Waterberging Noordwaard
Redenen waarom er zogeheten waterbergingen zijn aangelegd om het rivierwater de ruimte te geven. Zo kan het waterpeil van de Volkerak tijdelijk worden verhoogd om als buffer te fungeren, en is ook de Noordwaard van de Brabantse Biesbosch ingericht als waterberging. Daarvoor was nodig dat de Noordwaard ‘ontpolderd’ werd. Vergelijkbaar met uiterwaarden langs rivierbeddingen. De polder is een overloopgebied geworden, in beginsel zal de Noordwaard vollopen vanuit de kreken en geulen in open verbinding met de Amer, maar bij hogere waterstanden zal het gebied vollopen via openingen in de Bandijk langs de Nieuwe Merwede. Volgens de ‘kansberekening’ opgemaakt in 2010 zou dit laatste zich gemiddeld eenmaal per jaar voordoen. Een de kans op een volledig ondergelopen gebied werd in 2010 geschat op 0,1% per jaar. Wellicht dat deze cijfers inmiddels bijgesteld zijn.
Gemiddelde waterstanden in de Noordwaard
Dagelijks 40 – 70 cm + NAP
100 dagen per jaar 70 – 120 cm + NAP
30 dagen per jaar 135 cm + NAP
Eens per jaar 200 cm + NAP
Kans van 1 % per jaar 240 cm + NAP
Kans van 0,1 % per jaar 290 cm + NAP
Normaal Amsterdams Peil
NAP is een ijkpunt in het horizontale vlak en staat voor Normaal Amsterdams Peil, en komt (vooralsnog) overeen met de gemiddelde waterhoogte in de Noordzee.
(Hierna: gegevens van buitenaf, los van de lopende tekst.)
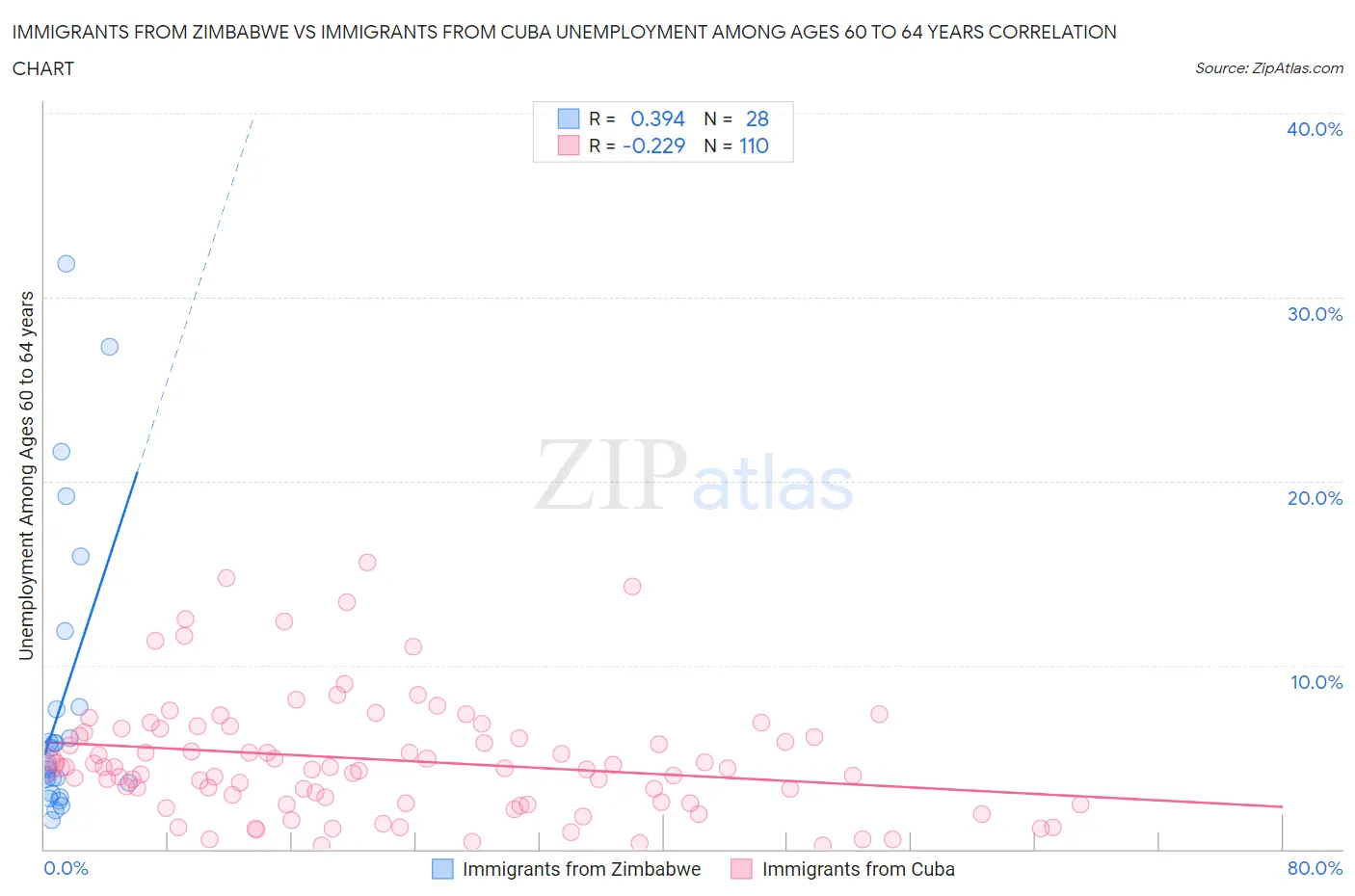 Immigrants from Zimbabwe vs Immigrants from Cuba Unemployment Among Ages 60 to 64 years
Bij een stijgende gemiddelde zeespiegel zal NAP dus op termijn beneden zeeniveau komen te liggen. Mogelijk dat het vlak van NAP dan aangepast zal worden, maar dat betekent dat alle peilschalen en alle aanduidingen van hoogten en diepten ter plekke en in (digitale) kaarten en boekwerken aangepast dienen te worden. Eenvoudiger is het te zeggen dat de zeespiegel tot zoveel centimeter boven NAP is gestegen …
Vooralsnog, het laagste punt van Nederland ligt in de Prins Alexander Polder bij Rotterdam op – 674 cm onder NAP. De waterstand in het IJsselmeer wordt in de zomer gehouden op – 10 tot – 30 cm NAP. In de winter is het streefpeil voor het IJsselmeer – 25 cm NAP. Dit betekent dat er alleen bij eb, wanneer het zeewater lager staat dan aan de IJsselmeerzijde water gespuid kan door keer- of spui- of uitwateringssluizen te openen.
Waarom de waterberging in de Biesbosch?
De aangelegde waterberging cq het overloopgebied in de Noordwaard van de Biesbosch is in het bijzonder aangelegd voor de veiligheid van Gorinchem gelegen aan de Boven Merwede, en van Boven- en Beneden Hardinxveld. In 1995 heeft het water in de rivier dusdanig hoog gestaan dat bewoners van Gorinchem-Oost en Boven Hardinxveld hun huizen en bedrijven hebben moeten verlaten op last van de autoriteiten.